Start of Block

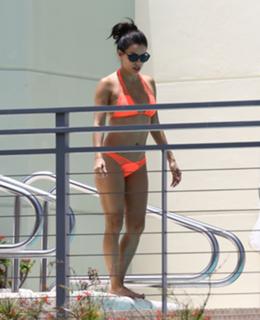 Eva Longoria feet photo thumbnail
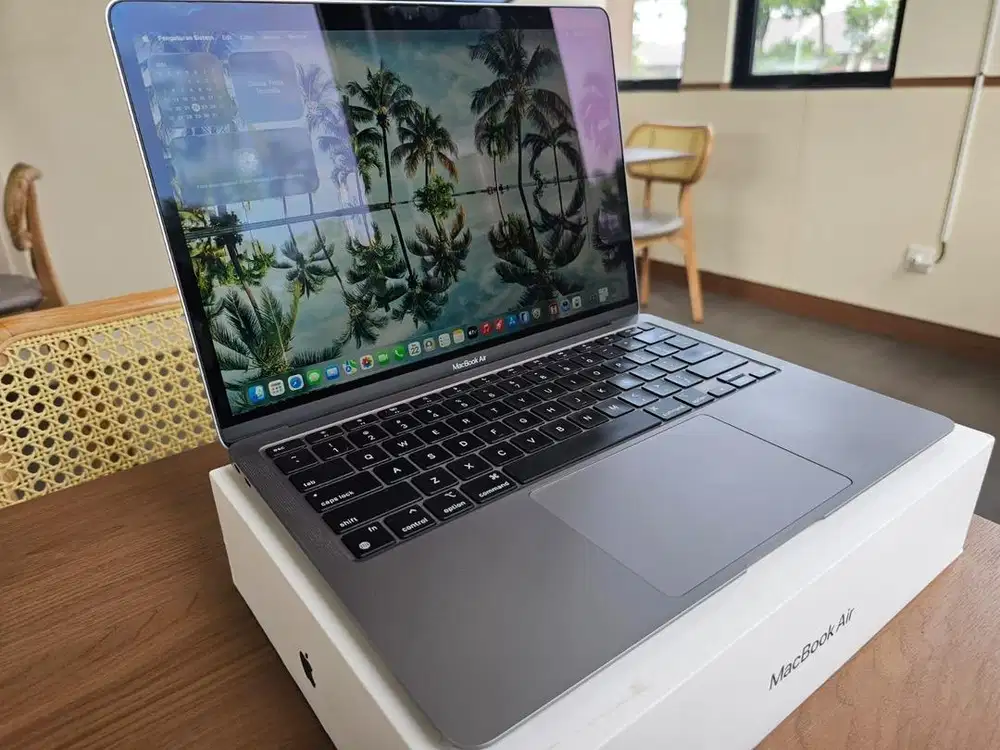 Laptop Macbook M1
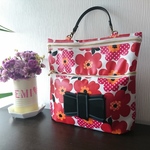 【ga-net24様専用❤】おしりふき&おむつポーチ♡一体型☆大☆（北欧調お花&赤）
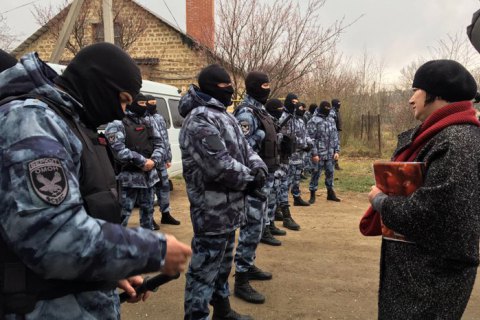 ​В оккупированном Крыму ФСБ проводит обыски у крымских татар (обновлено)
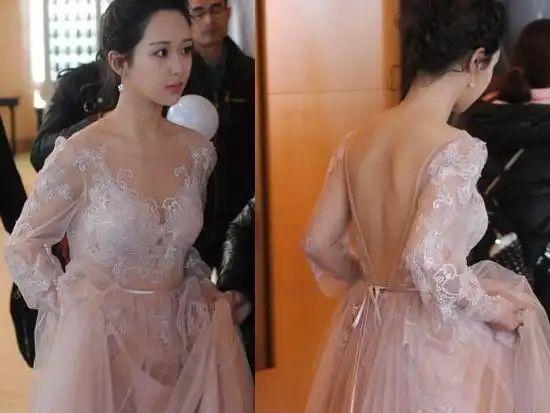 杨紫透明粉薄纱裙秀酥胸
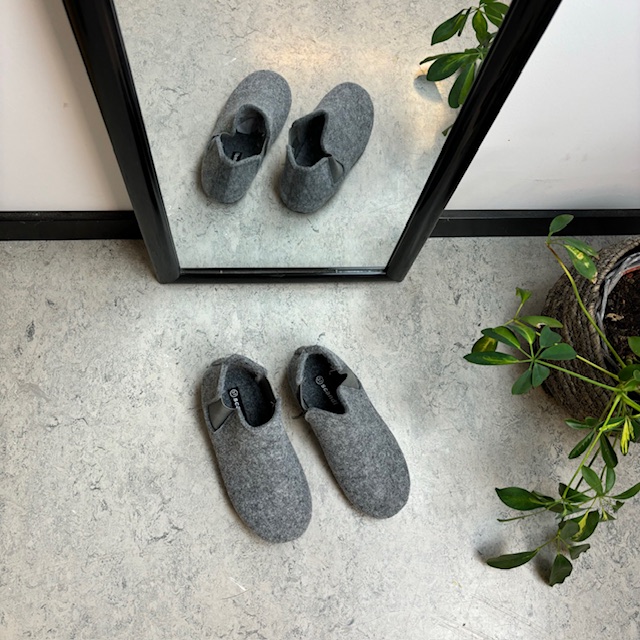 Grå filttøfler med god bredde og uttakbar innleggssåle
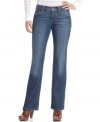 In a classic medium wash, these Lucky Brand jeans straight-leg jeans are perfect as your denim go-to for everyday style!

End of Block

**Task requirements**
Your task is to transcribe, exactly and without additions, every line from the one that contains "杨紫透明粉薄纱裙秀酥胸" to the end of the entries above, both included. Omit all pictures.

**Answer box**
 杨紫透明粉薄纱裙秀酥胸
 Grå filttøfler med god bredde og uttakbar innleggssåle
 In a classic medium wash, these Lucky Brand jeans straight-leg jeans are perfect as your denim go-to for everyday style!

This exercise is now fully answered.